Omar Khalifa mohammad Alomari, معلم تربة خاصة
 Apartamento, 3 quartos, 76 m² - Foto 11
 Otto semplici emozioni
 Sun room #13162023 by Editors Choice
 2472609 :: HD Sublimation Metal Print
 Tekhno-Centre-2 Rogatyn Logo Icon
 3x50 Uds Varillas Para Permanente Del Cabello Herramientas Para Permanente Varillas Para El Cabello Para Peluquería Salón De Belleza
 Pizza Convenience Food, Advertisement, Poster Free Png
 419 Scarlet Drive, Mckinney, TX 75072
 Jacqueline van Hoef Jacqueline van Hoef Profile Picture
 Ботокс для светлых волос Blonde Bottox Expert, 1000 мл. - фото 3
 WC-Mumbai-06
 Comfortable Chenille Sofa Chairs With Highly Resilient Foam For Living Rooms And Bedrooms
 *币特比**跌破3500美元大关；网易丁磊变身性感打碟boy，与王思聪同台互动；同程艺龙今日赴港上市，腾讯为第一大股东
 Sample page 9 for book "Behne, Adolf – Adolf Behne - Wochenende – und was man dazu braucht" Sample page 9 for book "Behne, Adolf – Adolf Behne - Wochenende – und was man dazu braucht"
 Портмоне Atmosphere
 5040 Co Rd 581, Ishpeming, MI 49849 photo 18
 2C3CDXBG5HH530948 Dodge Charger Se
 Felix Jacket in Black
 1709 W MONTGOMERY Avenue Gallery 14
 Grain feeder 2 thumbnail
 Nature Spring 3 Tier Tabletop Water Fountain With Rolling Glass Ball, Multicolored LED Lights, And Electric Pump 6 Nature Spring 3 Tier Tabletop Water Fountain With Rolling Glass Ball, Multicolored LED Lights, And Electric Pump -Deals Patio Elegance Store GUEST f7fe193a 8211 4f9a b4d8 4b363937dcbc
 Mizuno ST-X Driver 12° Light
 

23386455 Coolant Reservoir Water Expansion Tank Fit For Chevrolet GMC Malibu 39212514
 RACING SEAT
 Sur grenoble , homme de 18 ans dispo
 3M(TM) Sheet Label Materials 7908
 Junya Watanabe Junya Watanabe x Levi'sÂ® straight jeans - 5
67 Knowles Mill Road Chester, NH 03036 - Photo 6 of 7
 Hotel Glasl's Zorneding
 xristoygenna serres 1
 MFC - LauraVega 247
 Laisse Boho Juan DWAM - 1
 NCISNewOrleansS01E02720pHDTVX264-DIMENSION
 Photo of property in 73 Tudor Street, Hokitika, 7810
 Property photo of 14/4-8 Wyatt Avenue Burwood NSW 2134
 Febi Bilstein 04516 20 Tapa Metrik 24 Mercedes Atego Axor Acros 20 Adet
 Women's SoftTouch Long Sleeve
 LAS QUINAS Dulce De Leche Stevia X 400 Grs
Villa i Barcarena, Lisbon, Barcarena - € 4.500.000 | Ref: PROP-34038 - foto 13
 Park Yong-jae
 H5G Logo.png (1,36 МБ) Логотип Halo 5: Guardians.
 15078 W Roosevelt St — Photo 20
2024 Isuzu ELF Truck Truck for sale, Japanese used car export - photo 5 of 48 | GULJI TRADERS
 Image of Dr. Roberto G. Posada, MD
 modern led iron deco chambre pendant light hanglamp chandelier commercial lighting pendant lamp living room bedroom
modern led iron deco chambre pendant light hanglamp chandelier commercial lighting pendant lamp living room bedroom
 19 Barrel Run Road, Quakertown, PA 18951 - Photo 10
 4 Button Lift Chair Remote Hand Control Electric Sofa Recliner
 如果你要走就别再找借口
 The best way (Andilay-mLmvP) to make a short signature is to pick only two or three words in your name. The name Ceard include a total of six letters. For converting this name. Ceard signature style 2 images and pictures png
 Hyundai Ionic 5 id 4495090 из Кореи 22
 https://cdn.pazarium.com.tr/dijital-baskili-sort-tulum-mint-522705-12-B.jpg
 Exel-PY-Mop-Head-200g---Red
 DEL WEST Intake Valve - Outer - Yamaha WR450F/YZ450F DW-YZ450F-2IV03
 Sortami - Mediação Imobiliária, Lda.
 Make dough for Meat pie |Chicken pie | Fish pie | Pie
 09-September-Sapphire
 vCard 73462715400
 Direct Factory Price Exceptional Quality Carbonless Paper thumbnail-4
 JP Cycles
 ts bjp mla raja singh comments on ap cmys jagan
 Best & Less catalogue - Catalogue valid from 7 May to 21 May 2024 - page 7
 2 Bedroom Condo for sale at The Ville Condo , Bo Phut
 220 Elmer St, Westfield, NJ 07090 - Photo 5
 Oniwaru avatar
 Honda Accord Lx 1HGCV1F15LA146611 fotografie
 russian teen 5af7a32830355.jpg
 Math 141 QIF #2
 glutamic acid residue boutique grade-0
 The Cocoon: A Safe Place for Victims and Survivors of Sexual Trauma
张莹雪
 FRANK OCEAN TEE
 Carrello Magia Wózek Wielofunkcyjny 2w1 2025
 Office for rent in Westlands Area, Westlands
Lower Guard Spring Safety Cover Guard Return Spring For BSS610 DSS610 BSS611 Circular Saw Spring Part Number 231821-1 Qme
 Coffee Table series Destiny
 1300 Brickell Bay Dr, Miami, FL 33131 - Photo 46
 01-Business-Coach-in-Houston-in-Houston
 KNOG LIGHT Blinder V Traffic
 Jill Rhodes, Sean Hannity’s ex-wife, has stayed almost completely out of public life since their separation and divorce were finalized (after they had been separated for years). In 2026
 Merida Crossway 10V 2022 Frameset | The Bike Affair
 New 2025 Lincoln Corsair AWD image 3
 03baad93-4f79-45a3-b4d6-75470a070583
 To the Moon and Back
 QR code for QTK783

Problem statement:
Beginning with the very first line of the material above, give each line again exactly, ending with the line that contains "WC-Mumbai-06".

Solution for this problem:
Omar Khalifa mohammad Alomari, معلم تربة خاصة
 Apartamento, 3 quartos, 76 m² - Foto 11
 Otto semplici emozioni
 Sun room #13162023 by Editors Choice
 2472609 :: HD Sublimation Metal Print
 Tekhno-Centre-2 Rogatyn Logo Icon
 3x50 Uds Varillas Para Permanente Del Cabello Herramientas Para Permanente Varillas Para El Cabello Para Peluquería Salón De Belleza
 Pizza Convenience Food, Advertisement, Poster Free Png
 419 Scarlet Drive, Mckinney, TX 75072
 Jacqueline van Hoef Jacqueline van Hoef Profile Picture
 Ботокс для светлых волос Blonde Bottox Expert, 1000 мл. - фото 3
 WC-Mumbai-06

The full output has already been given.